Post-injection SPECT/CT images revealed a marked reduction in PSMA radioligand uptake in the BTX-treated glands, with parotid gland uptake ratio shifting from 0.93 to 1.15 and submandibular gland ratio from 1.39 to 2.14, confirming targeted protection, the investigators noted.
In a patient, pretreatment PET/CT demonstrated comparable tracer uptake. Postinjection SPECT/CT images revealed a marked reduction in PSMA radioligand uptake.SNMMI
Patients who received BTX without scopolamine showed no significant difference in the uptake between injected and noninjected salivary glands, they reported, adding that injections generally were well tolerated and, importantly, no patient discontinued combination PSMA therapy due to dry mouth.

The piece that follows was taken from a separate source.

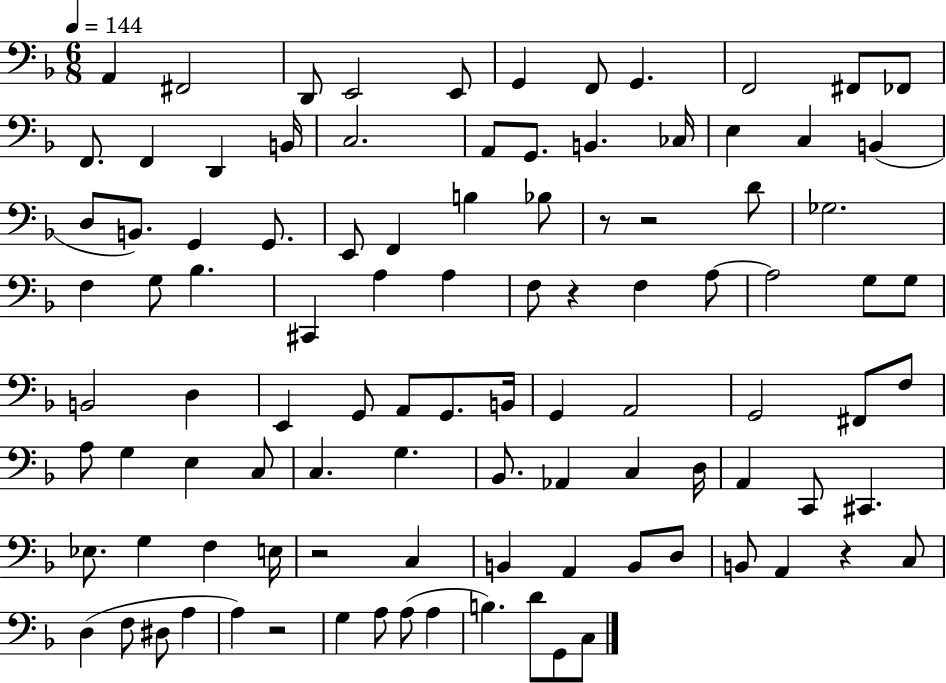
A2/q F#2/h D2/e E2/h E2/e G2/q F2/e G2/q. F2/h F#2/e FES2/e F2/e. F2/q D2/q B2/s C3/h. A2/e G2/e. B2/q. CES3/s E3/q C3/q B2/q D3/e B2/e. G2/q G2/e. E2/e F2/q B3/q Bb3/e R/e R/h D4/e Gb3/h. F3/q G3/e Bb3/q. C#2/q A3/q A3/q F3/e R/q F3/q A3/e A3/h G3/e G3/e B2/h D3/q E2/q G2/e A2/e G2/e. B2/s G2/q A2/h G2/h F#2/e F3/e A3/e G3/q E3/q C3/e C3/q. G3/q. Bb2/e. Ab2/q C3/q D3/s A2/q C2/e C#2/q. Eb3/e. G3/q F3/q E3/s R/h C3/q B2/q A2/q B2/e D3/e B2/e A2/q R/q C3/e D3/q F3/e D#3/e A3/q A3/q R/h G3/q A3/e A3/e A3/q B3/q. D4/e G2/e C3/e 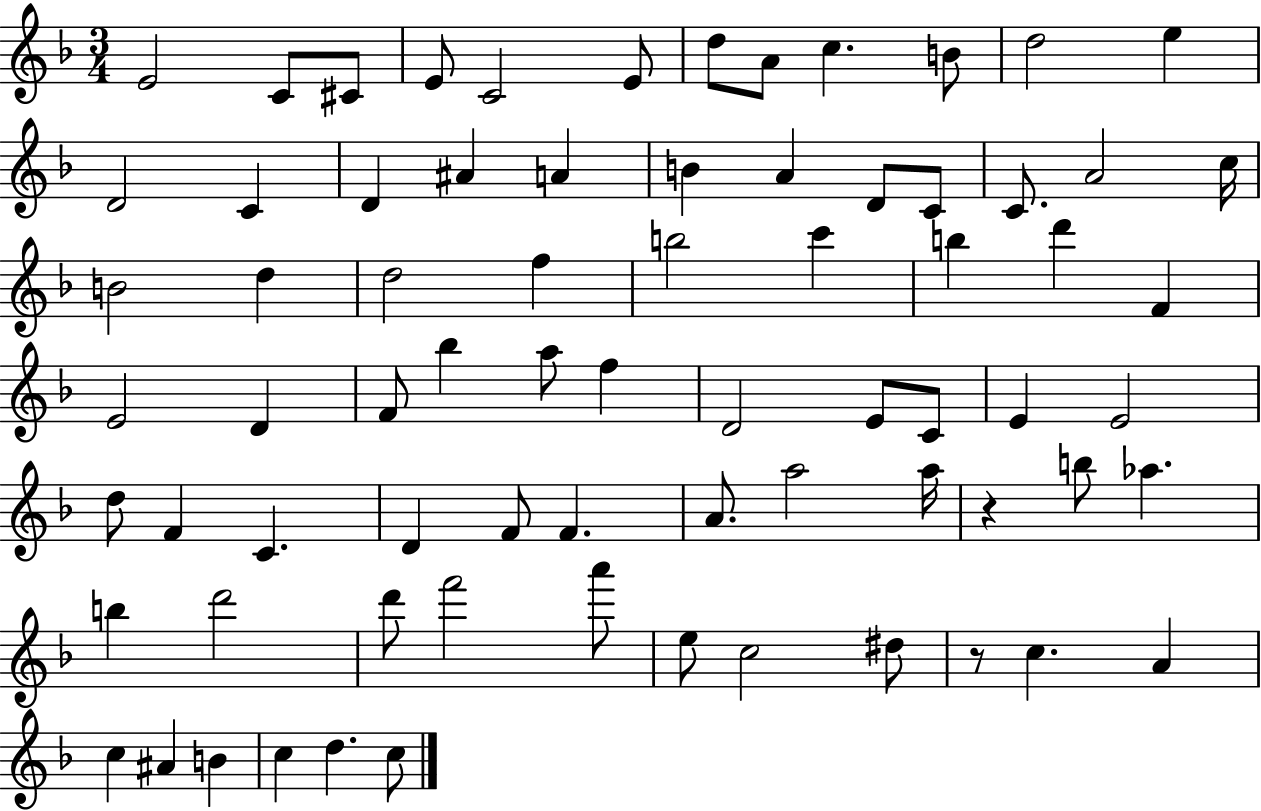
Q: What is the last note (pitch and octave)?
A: C5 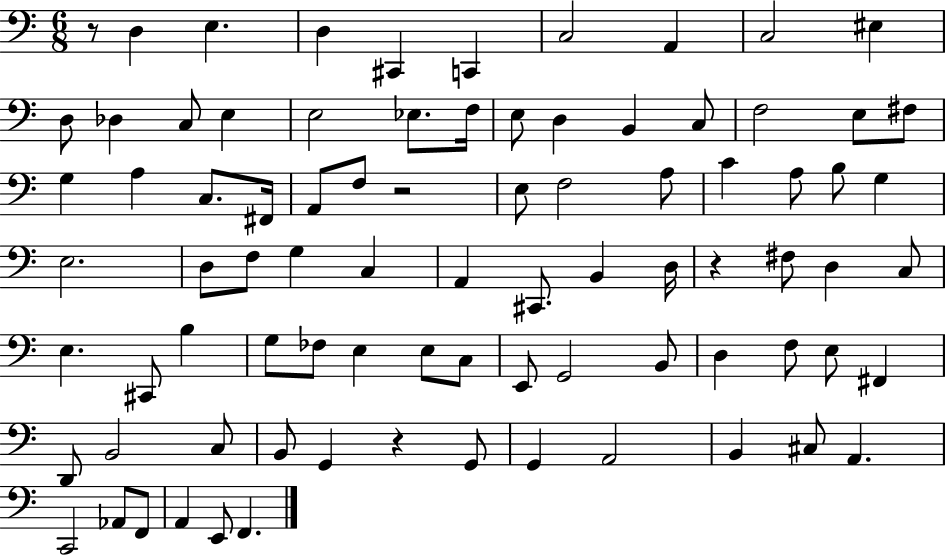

One injection-related local hematoma occurred in a patient with thrombocytopenia, the team reported. Also, scopolamine-induced moderate dry mouth occurred but lasted 72 hours.
“This study offers a promising therapeutic strategy for reducing radiation-induced salivary gland toxicity without compromising PSMA tumor uptake,” Zhang said. “The significance of this work lies in its direct patient benefit and its potential to expand the therapeutic utility of PSMA radiopharmaceutical therapy, particularly with alpha-emitting radionuclides like 225Ac.”
The investigators concluded that the combined approach may enhance patient quality of life following PSMA radioligand therapy, particularly with alpha-emitting radionuclides, although further studies with larger patient cohorts and longer follow-up periods are warranted.